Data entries
--

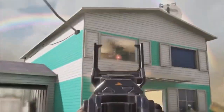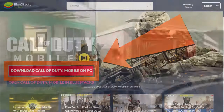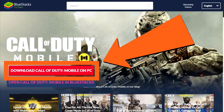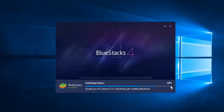To start the game, you need to download and install the emulator from the link in the description. There is a big button, download Call of Duty Mobile on PC, click it. After downloading the installation file, open it and wait for the emulator installation process to finish.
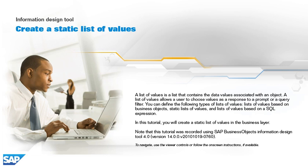In this tutorial, you will create a static list of values in the business layer. Note that this tutorial was recorded using SAP Business Objects Information Design Tool 4.0, version 14.0.0, v2010-1019-0760. To navigate, use the viewer controls or follow the on-screen instructions, if available.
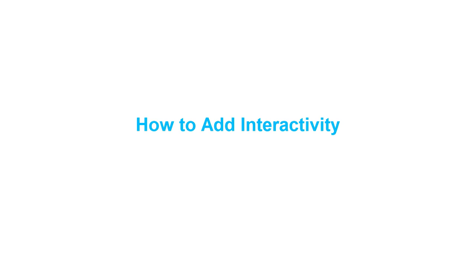Hello everyone, welcome to Saola Animate Tutorials. Today I will show you how to add interactivity in Saola Animate.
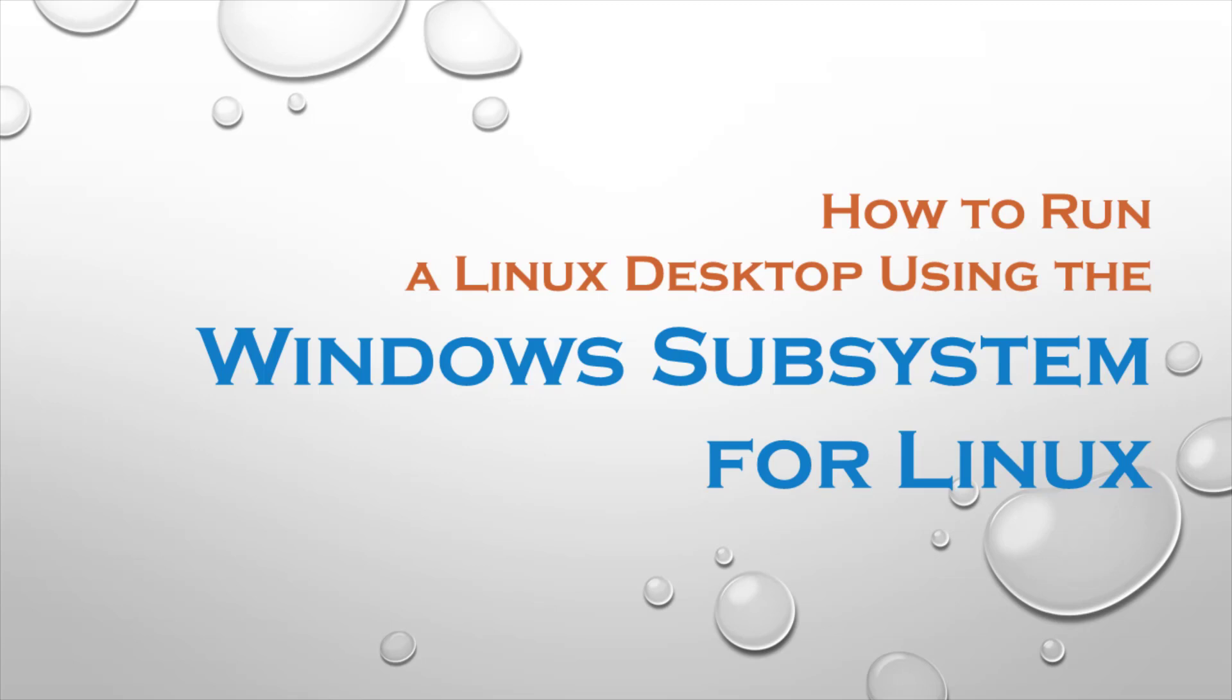Can I use a Linux distribution from within Windows without doing a dual boot? Yes, you can with the Windows Subsystem for Linux.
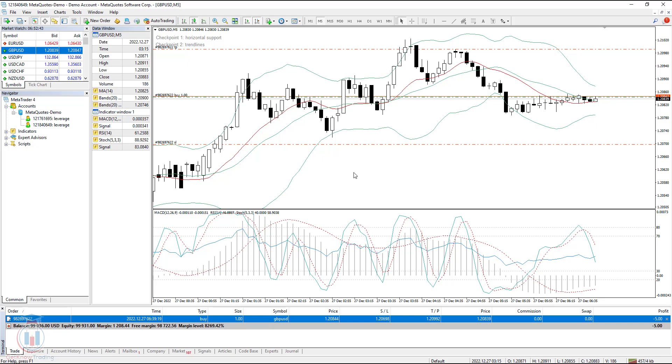Welcome to the new lesson, where I will show you an additional option that you have in trading, and that is called a trailing stop.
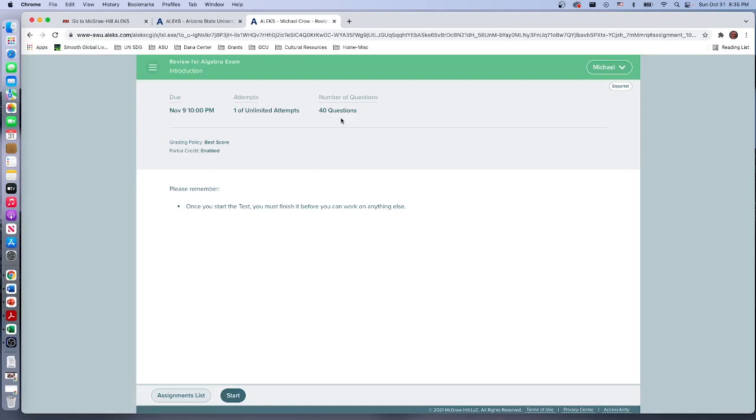Although the score does not go into your grade book, doing well on this will help you do well on the exam. Students that work this to 100% will always score up in the 80s to 90s to 100 because the questions come right out of this.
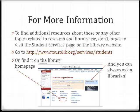And remember, to find additional resources about these or any other topics related to research and library use, don't forget to visit the Student Services page on the library website.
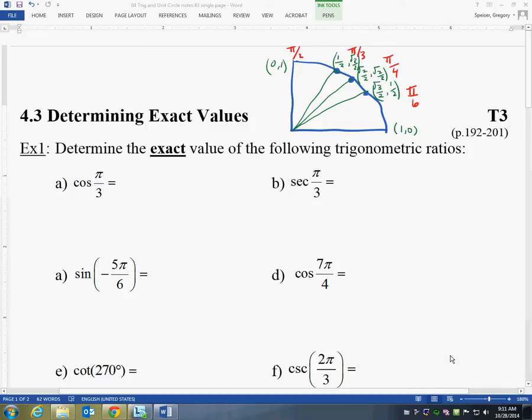Here is 4.3, determining exact values. You may have noticed that I made a first quadrant chart here of π/6, π/4, π/3, and π/2. This is something that you're working towards committing to memory. You either use your left hand to figure these things out, or you can remember them. I'll show you that if you've got the first quadrant memorized, we can figure everything else out.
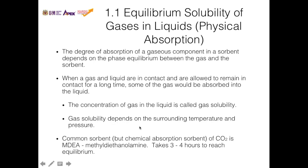Gas solubility depends on temperature and pressure. In general, solubility increases if the temperature of the solvent is low, and decreases if the temperature is high. Gas solubility has an inverse relationship with pressure: at high pressure, gas solubility increases, but at low pressure, gas solubility decreases.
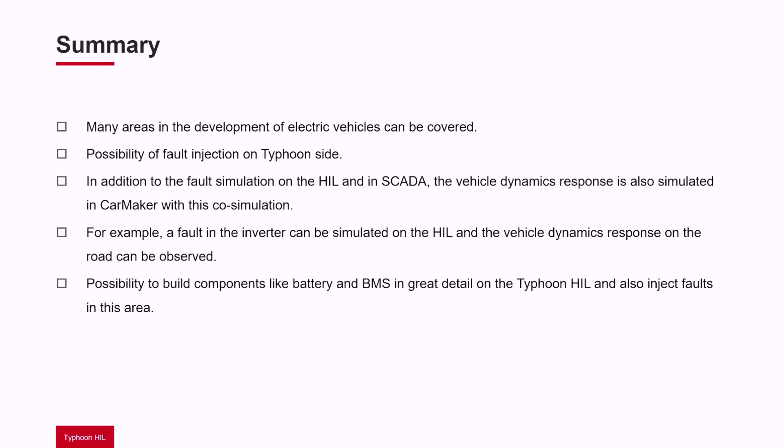Furthermore, with the help of Typhoon it is also possible to simulate components such as the battery and the battery management system in great detail, and so it is also possible to inject special faults in this area.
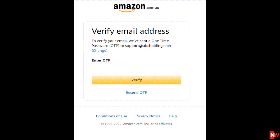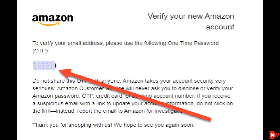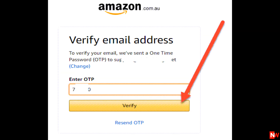Next you'll get a pop-up asking you to verify your email address by entering an OTP — short for one-time password. Amazon will email a one-time password to the email address you just entered, and the email will contain a six-digit password. When you receive that password, copy and paste it, then click on the Verify button.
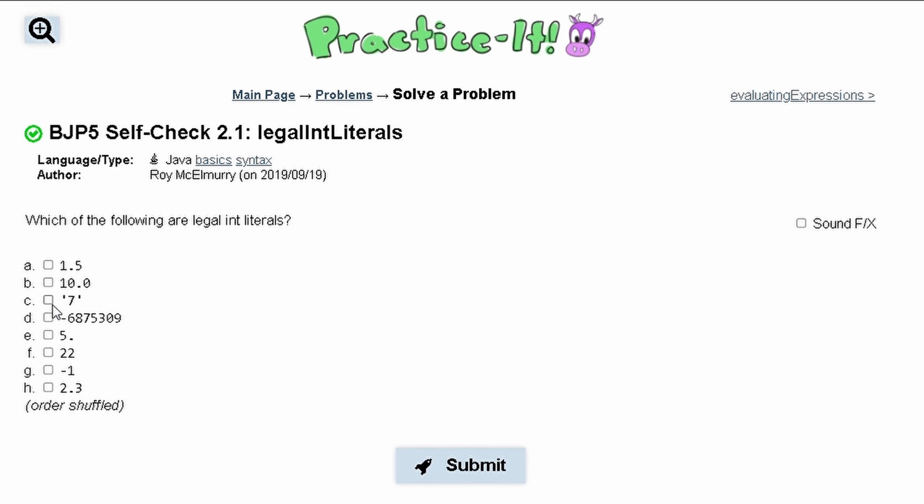For C, it has these single quotes around it and integers don't have single quotes, so this is not a legal int.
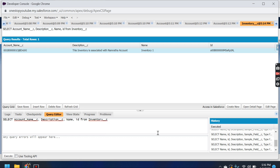That's how you can use SOQL to write queries related to standard or custom objects. This is what we have for today's session. We covered how to write an SOQL query for standard objects and custom objects. In session two, we will see how to write SOQL queries when two objects are related — whether it's two standard objects or a standard and a custom object. Until then, please do take care of yourself. Signing off, bye bye.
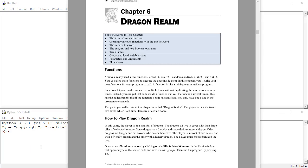Hello. In this video we're going to go over making a simple text-based adventure game similar to the Dragon Realm game described in Chapter 6 of Invent Your Own Computer Games with Python, which I've got on the screen here. Text-based games were the predecessors to modern video games. The first text-based games were created in the late 1970s, and a couple of the most famous were Colossal Cave Adventure—pretty much the first computer game ever made—and Zork. Anyway, let's get started making our own game here in Python.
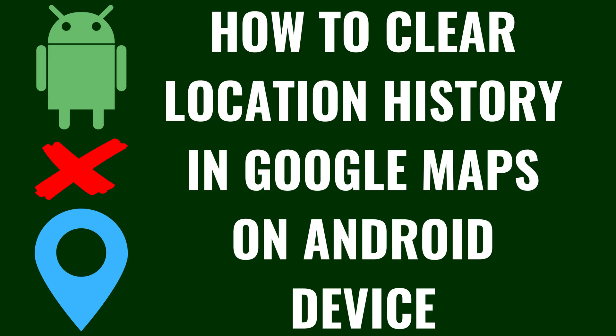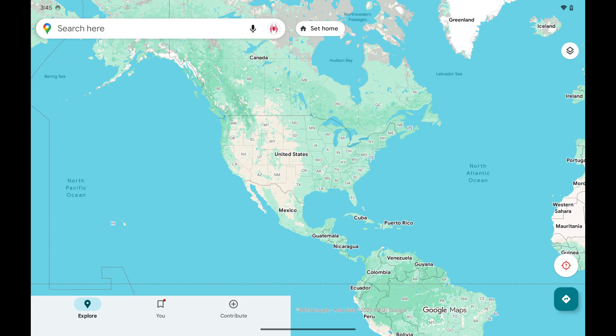I'm Max Dalton, and in this video I'll show you how to clear your location history in Google Maps on an Android device. Step 1: Open the Google Maps app on your Android device and then tap your profile icon on this screen.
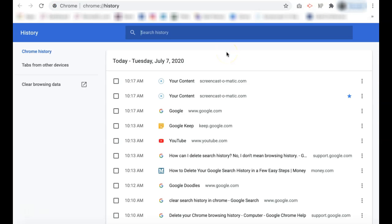Here you will see all of your Chrome history. If you want to clear this data, select clear browsing data on the left-hand menu.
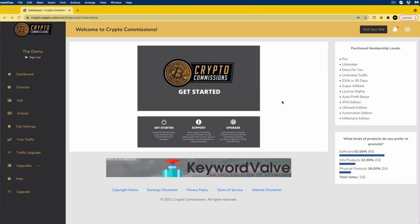Welcome to Crypto Commissions. We are over the moon to have you on board and we hope that your commissions go to the moon too.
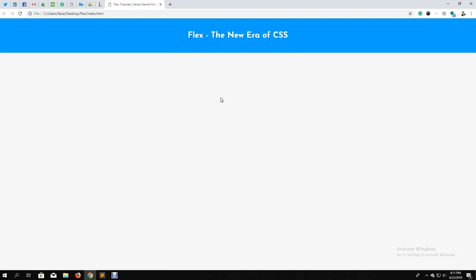We know about Flex. Flex is very easy to use for web design. We are going to talk about Flex — we have a very strong skill set to cover this topic.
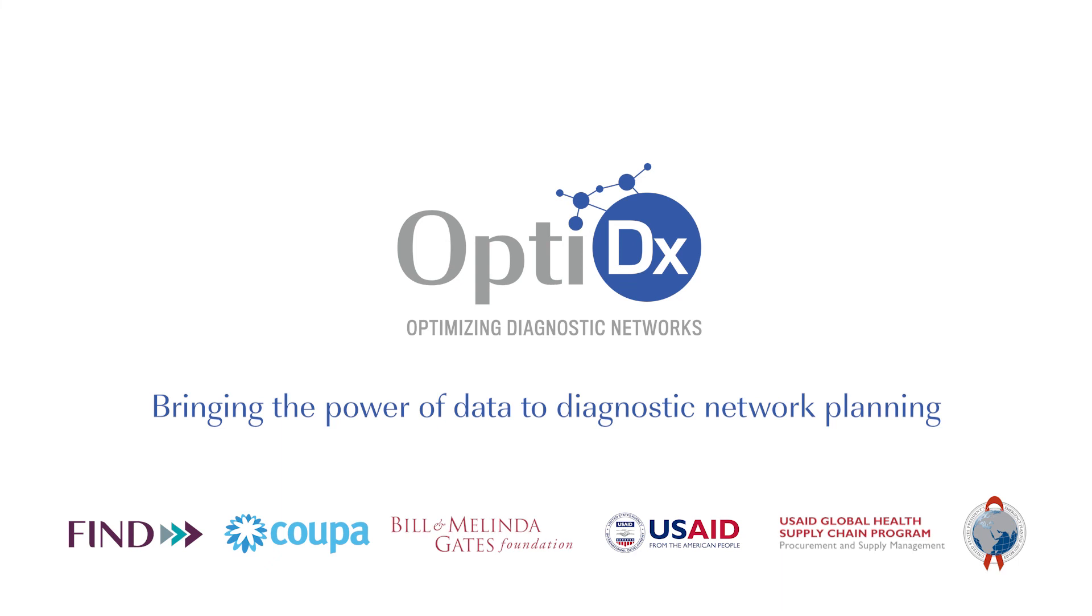OptiDx, bringing the power of data to diagnostic network planning.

--

Instructions for the task:
Exclude every picture, then return precisely the lines that run from the line containing "Hello. In this" through the end of the entries above.

Result of the exercise:
Hello. In this video we're going to go over making a simple text-based adventure game similar to the Dragon Realm game described in Chapter 6 of Invent Your Own Computer Games with Python, which I've got on the screen here. Text-based games were the predecessors to modern video games. The first text-based games were created in the late 1970s, and a couple of the most famous were Colossal Cave Adventure—pretty much the first computer game ever made—and Zork. Anyway, let's get started making our own game here in Python.
I'm Max Dalton, and in this video I'll show you how to clear your location history in Google Maps on an Android device. Step 1: Open the Google Maps app on your Android device and then tap your profile icon on this screen.
Here you will see all of your Chrome history. If you want to clear this data, select clear browsing data on the left-hand menu.
Welcome to Crypto Commissions. We are over the moon to have you on board and we hope that your commissions go to the moon too.
We know about Flex. Flex is very easy to use for web design. We are going to talk about Flex — we have a very strong skill set to cover this topic.
OptiDx, bringing the power of data to diagnostic network planning.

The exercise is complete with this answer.